A recitarlo rigorosamente, il teorema sembra incomprensibile, dice che “per una opportuna distribuzione delle dotazioni iniziali, qualsiasi allocazione ritenuta desiderabile può emergere come equilibrio spontaneo di mercato”. A tradurlo, significa imposta patrimoniale e/o tassa di successione e/o tassazione fortemente progressiva sul reddito utilizzate per fare in modo che chiunque, senza intervento della polizia annonaria, possa acquistare la birra. Saranno d’accordo quelli del Foglio o del Bruno Leoni? E ricorderanno che Adam Smith, che capiva bene la differenza fra birra e istruzione, fra maglioni e mascherine, diceva “istruzione gratuita per tutti i fanciulli”?

Alessandro Roncaglia, grande studioso di Adam Smith, ci ricorda ne La Ricchezza delle Idee. Storia del pensiero economico (2003, Laterza), che lo Smith della Teoria dei Sentimenti Morali (1759) ci metteva in guardia dal ritenere che un mercato senza morale, senza simpatia (immedesimazione nei sentimenti altrui) e senza giustizia avrebbe prodotto benessere e crescita. Tutt’altro: avrebbe distrutto se stesso e la società.

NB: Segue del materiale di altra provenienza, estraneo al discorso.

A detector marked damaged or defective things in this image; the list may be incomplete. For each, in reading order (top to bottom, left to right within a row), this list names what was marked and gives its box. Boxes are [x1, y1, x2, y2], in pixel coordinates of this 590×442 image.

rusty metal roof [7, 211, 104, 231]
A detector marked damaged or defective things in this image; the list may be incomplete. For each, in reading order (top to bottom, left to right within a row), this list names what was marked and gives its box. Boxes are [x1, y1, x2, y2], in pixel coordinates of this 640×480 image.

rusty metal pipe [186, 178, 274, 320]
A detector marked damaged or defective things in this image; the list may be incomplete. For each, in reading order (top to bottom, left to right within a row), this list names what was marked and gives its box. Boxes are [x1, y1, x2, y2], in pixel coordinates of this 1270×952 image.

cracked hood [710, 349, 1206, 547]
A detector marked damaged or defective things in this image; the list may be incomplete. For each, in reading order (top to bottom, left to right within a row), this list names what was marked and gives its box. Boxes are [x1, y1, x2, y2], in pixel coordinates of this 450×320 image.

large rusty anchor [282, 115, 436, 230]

Ve lo immaginate infatti cosa accadrebbe se i commercianti continuassero a vendere prodotti adulterati o cercassero di guadagnare rendite speculative dalla vendita di mascherine o qualunque altra merce? Ciascuno potrebbe cominciare a farsi da sé le mascherine, aumenterebbe la produzione per autoconsumo con un regresso della divisione del lavoro e perciò della causa prima e fondamentale della crescita della ricchezza delle nazioni.

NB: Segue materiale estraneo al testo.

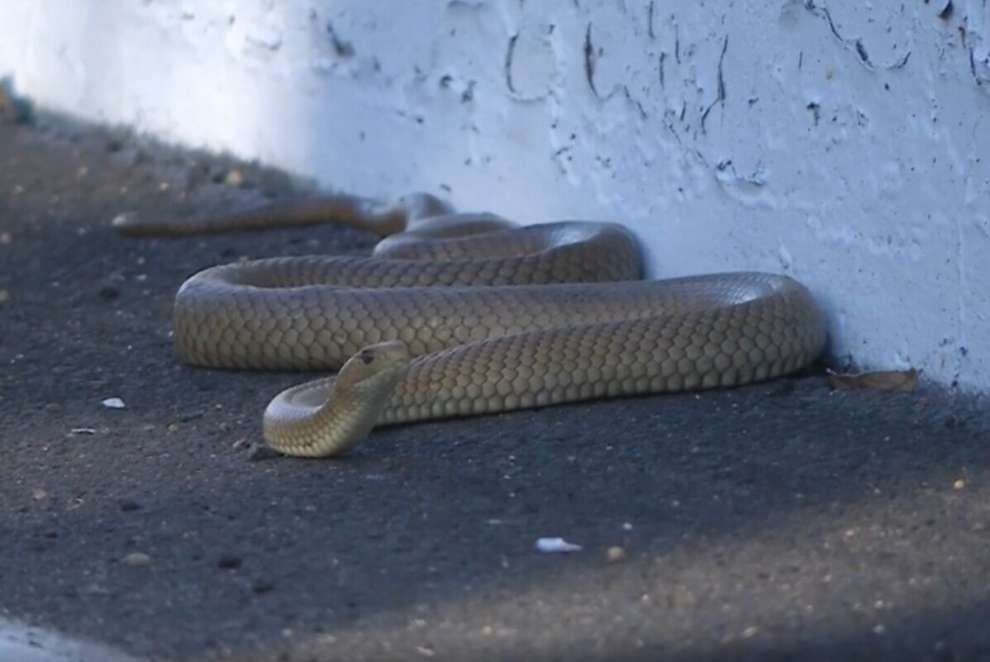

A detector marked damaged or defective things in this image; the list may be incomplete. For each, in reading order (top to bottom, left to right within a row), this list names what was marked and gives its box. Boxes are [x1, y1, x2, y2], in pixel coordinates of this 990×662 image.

peeling paint on wall [0, 0, 988, 392]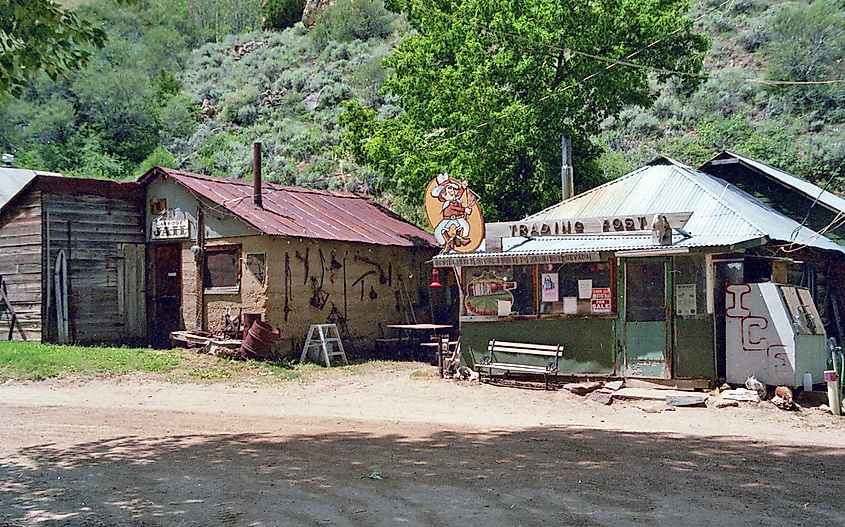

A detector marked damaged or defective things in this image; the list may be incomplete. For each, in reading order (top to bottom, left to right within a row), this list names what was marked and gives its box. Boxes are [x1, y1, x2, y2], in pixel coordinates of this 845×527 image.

rusted metal roof [147, 168, 436, 249]
rusty corrugated roof [151, 168, 436, 249]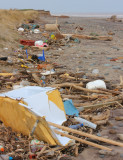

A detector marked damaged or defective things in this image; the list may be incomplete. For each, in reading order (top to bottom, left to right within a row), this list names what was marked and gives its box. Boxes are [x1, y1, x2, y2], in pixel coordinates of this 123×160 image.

broken wood piece [53, 129, 111, 151]
broken wood piece [48, 122, 123, 147]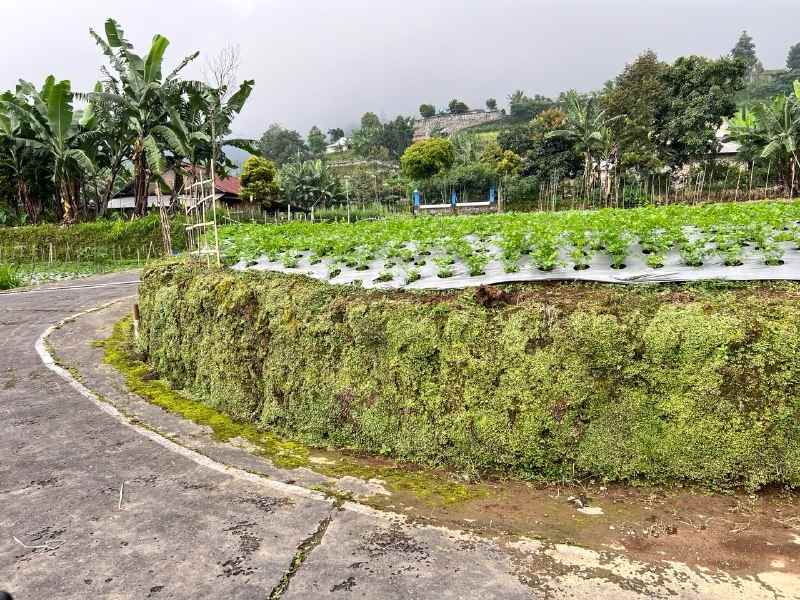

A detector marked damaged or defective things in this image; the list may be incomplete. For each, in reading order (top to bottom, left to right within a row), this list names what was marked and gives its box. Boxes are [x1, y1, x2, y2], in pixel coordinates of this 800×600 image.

crack in concrete [268, 510, 332, 600]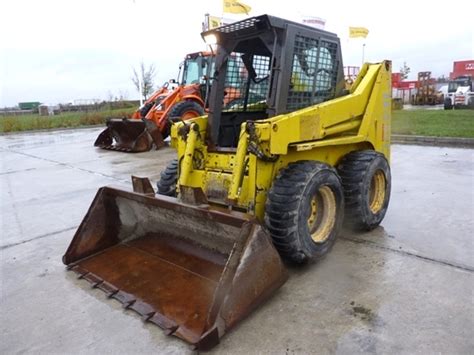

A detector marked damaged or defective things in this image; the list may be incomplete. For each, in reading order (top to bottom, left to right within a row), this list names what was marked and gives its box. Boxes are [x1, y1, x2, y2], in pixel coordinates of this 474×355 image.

rusty loader bucket [93, 118, 166, 153]
rusty loader bucket [61, 186, 286, 350]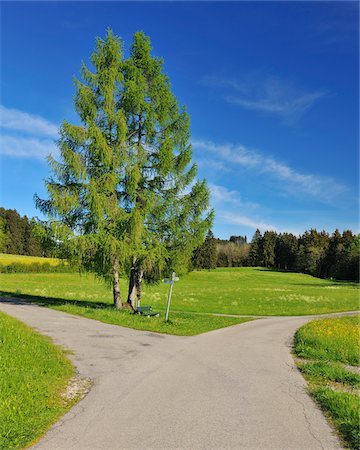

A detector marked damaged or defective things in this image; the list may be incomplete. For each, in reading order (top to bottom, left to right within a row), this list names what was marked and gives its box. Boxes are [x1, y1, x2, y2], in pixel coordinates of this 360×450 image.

cracked asphalt surface [0, 298, 352, 450]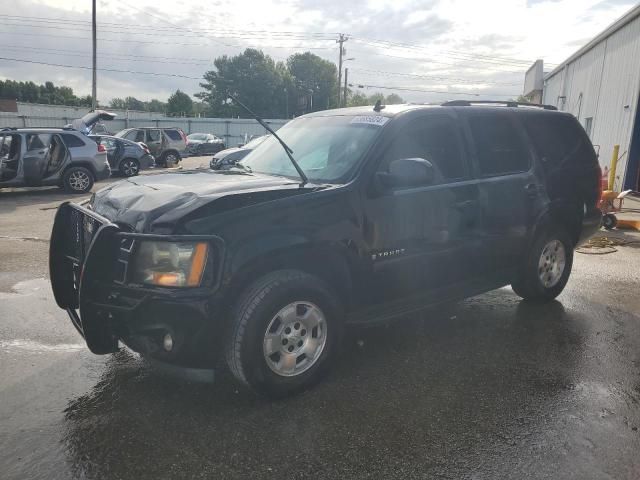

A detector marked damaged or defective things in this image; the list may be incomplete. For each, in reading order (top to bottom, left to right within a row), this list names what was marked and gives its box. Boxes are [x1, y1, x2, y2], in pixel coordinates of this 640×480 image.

damaged front hood [92, 170, 316, 233]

Capiranno mai, questi sciagurati “liberisti”, che sta proprio lì, nel riflettere dei grandi pensatori liberali (Smith, Einaudi) e del socialismo liberale (Pigou, Sidgwick), il seme di una società meno indecente? E riusciranno mai gli economisti a dare della propria categoria un’immagine minimamente più sofisticata e meno volgare del bigino di microeconomia?

C’è poi la questione del dove e come reperire le risorse per fronteggiare l’emergenza e riattivare l’economia. È una grande questione, che merita una riflessione a parte: “Macroeconomia e coronavirus: un’occasione da non perdere”?